_EXERCISE DETAILS_. Where the line containing "The problem with" appears, start repeating, and continue exactly through the last line below, adding nothing. Include no pictures.

_RECORDS TO USE_.
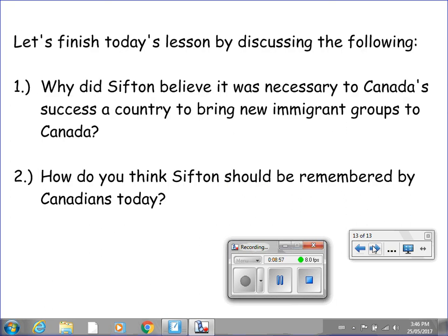Time for the wrap-up. Let's finish today's video by considering two questions we'll discuss next class. One: why did Sifton believe it was necessary to Canada's success as a country to bring new immigrant groups to Canada? And two: how do you think Sifton should be remembered by Canadians today? Please put the video on pause and write down your responses. If you don't feel prepared to answer, go back and watch this video at least one more time. I look forward to hearing your responses. Until tomorrow's class, this concludes today's video.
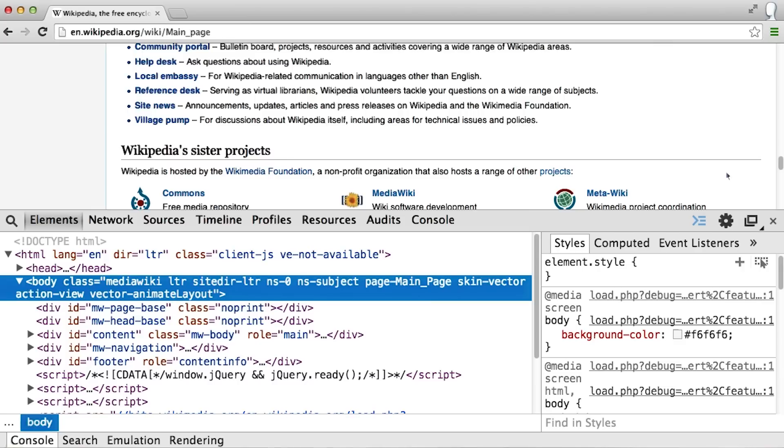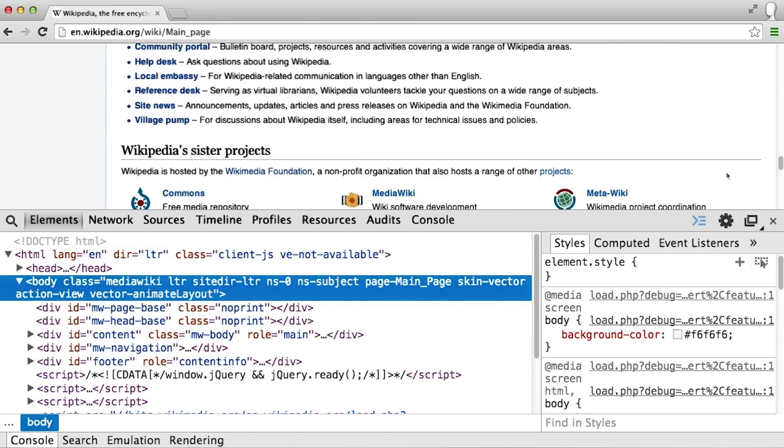This shows you the structure of the page. And this is a really important fact to note. What you see here is not the actual code itself, but rather the structure of the page as the browser interprets it.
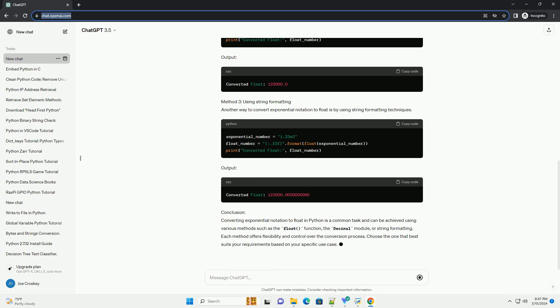Method 1: Using the float function. The simplest way to convert exponential notation to float in Python is by using the built-in float function. This function takes a string or a number as input and returns its floating point representation.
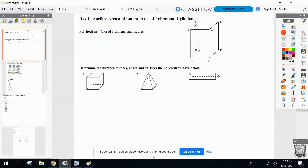Let me start with faces first. Think of a face as a side. You'll see my cube up there has six faces — one on top, one on the bottom, one on the right, one on the left, one in front, and one in the back. So we say this cube here has six faces.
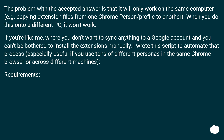The problem with the accepted answer is that it will only work on the same computer — for example, copying extension files from one Chrome profile to another. When you do this onto a different PC, it won't work. If you don't want to sync anything to a Google account and can't be bothered to install extensions manually, I wrote a script to automate that process. Especially useful if you use tons of different profiles in the same Chrome browser or across different machines.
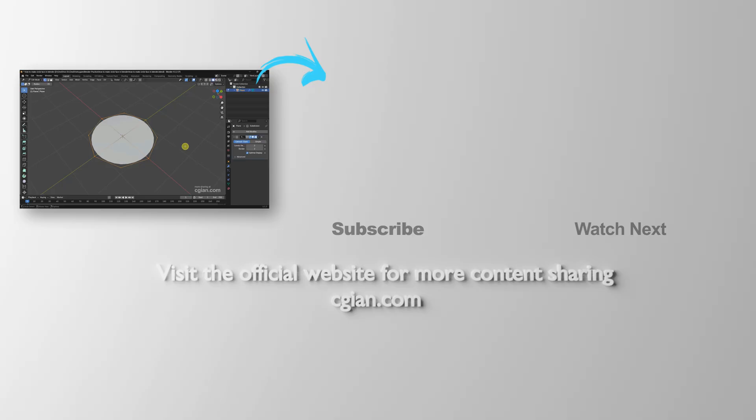Thank you for watching this video. Hope this helps. Please subscribe to this channel. More videos will be shared with you. I'm CG Yin. See you in the next video.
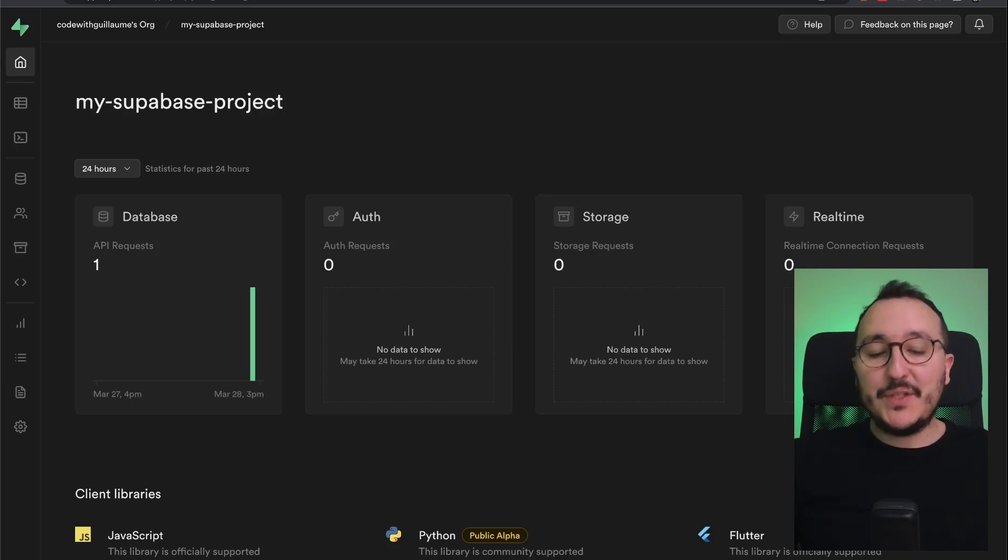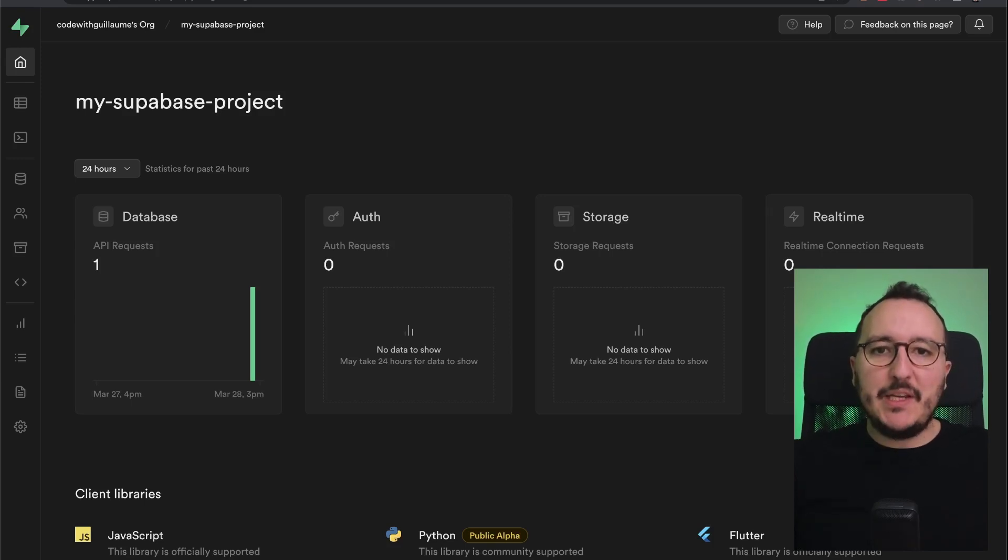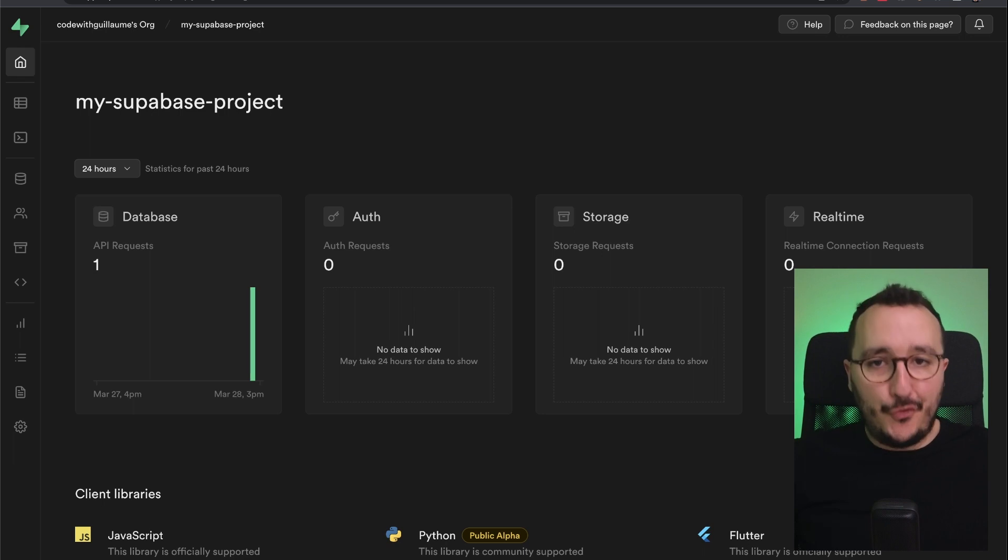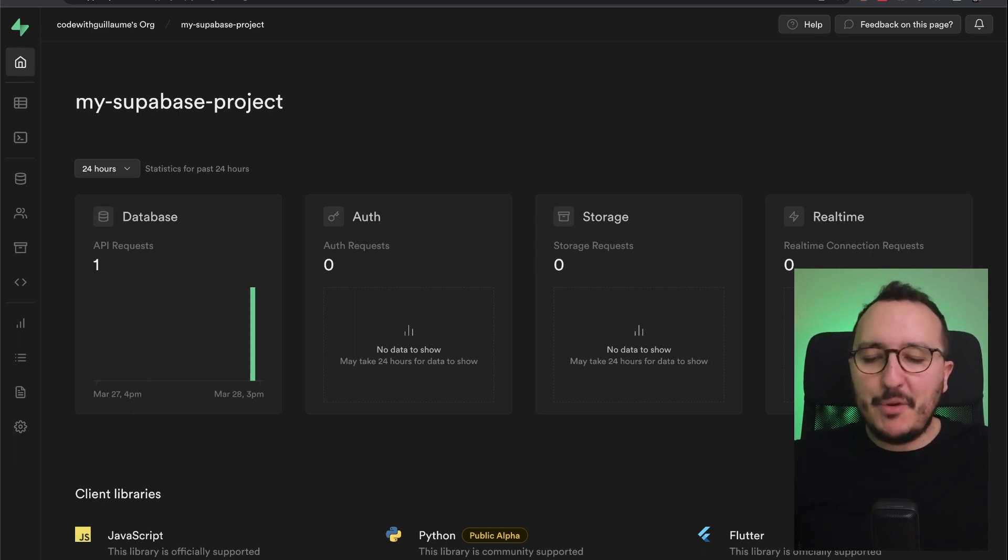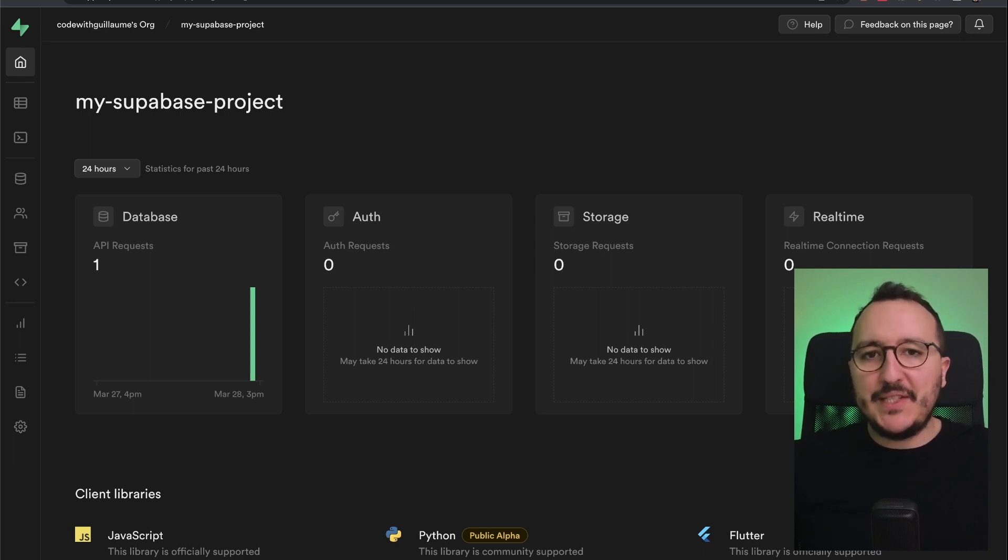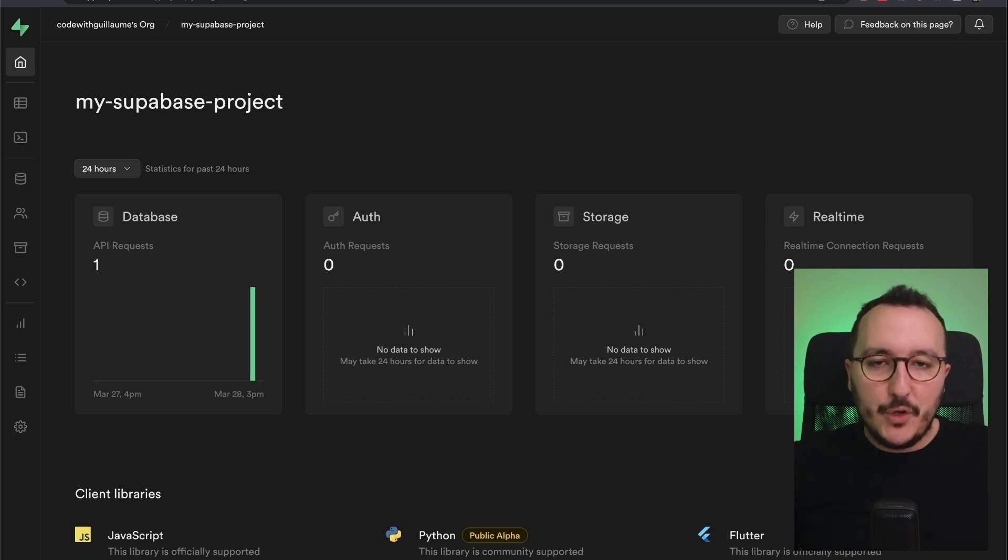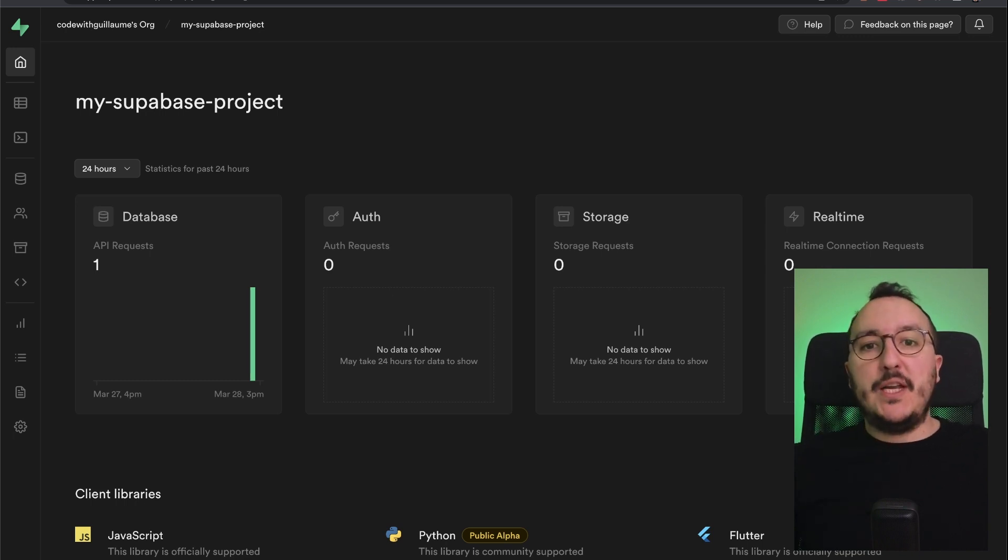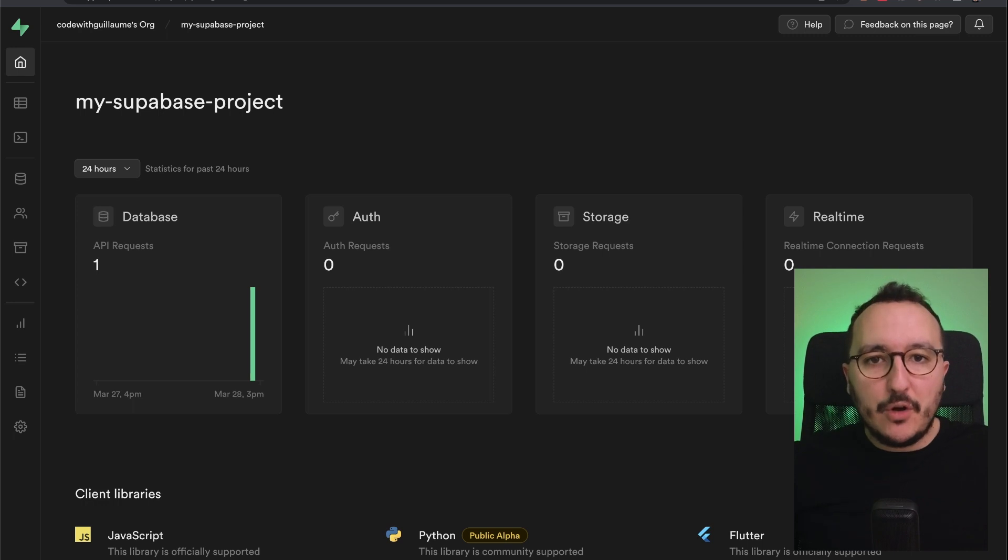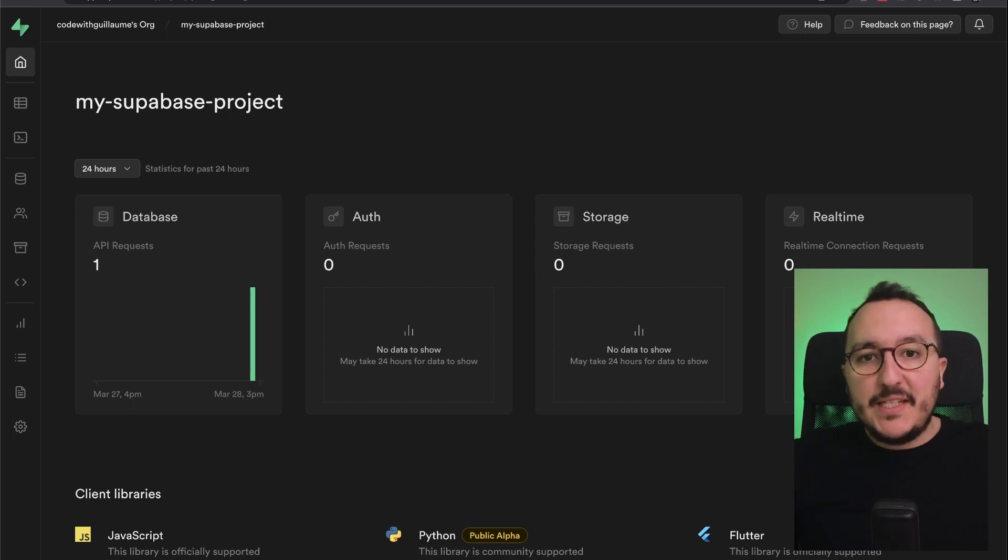As a backend as a service, Supabase is keeping track of all the events through logs. Whatever is happening within your application, Supabase is creating logs. If a user is subscribing, you have a log. If a user is creating a record, you have a log. If he's updating a record, etc.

_ANSWER SPACE_.
The problem with the accepted answer is that it will only work on the same computer — for example, copying extension files from one Chrome profile to another. When you do this onto a different PC, it won't work. If you don't want to sync anything to a Google account and can't be bothered to install extensions manually, I wrote a script to automate that process. Especially useful if you use tons of different profiles in the same Chrome browser or across different machines.
Thank you for watching this video. Hope this helps. Please subscribe to this channel. More videos will be shared with you. I'm CG Yin. See you in the next video.
As a backend as a service, Supabase is keeping track of all the events through logs. Whatever is happening within your application, Supabase is creating logs. If a user is subscribing, you have a log. If a user is creating a record, you have a log. If he's updating a record, etc.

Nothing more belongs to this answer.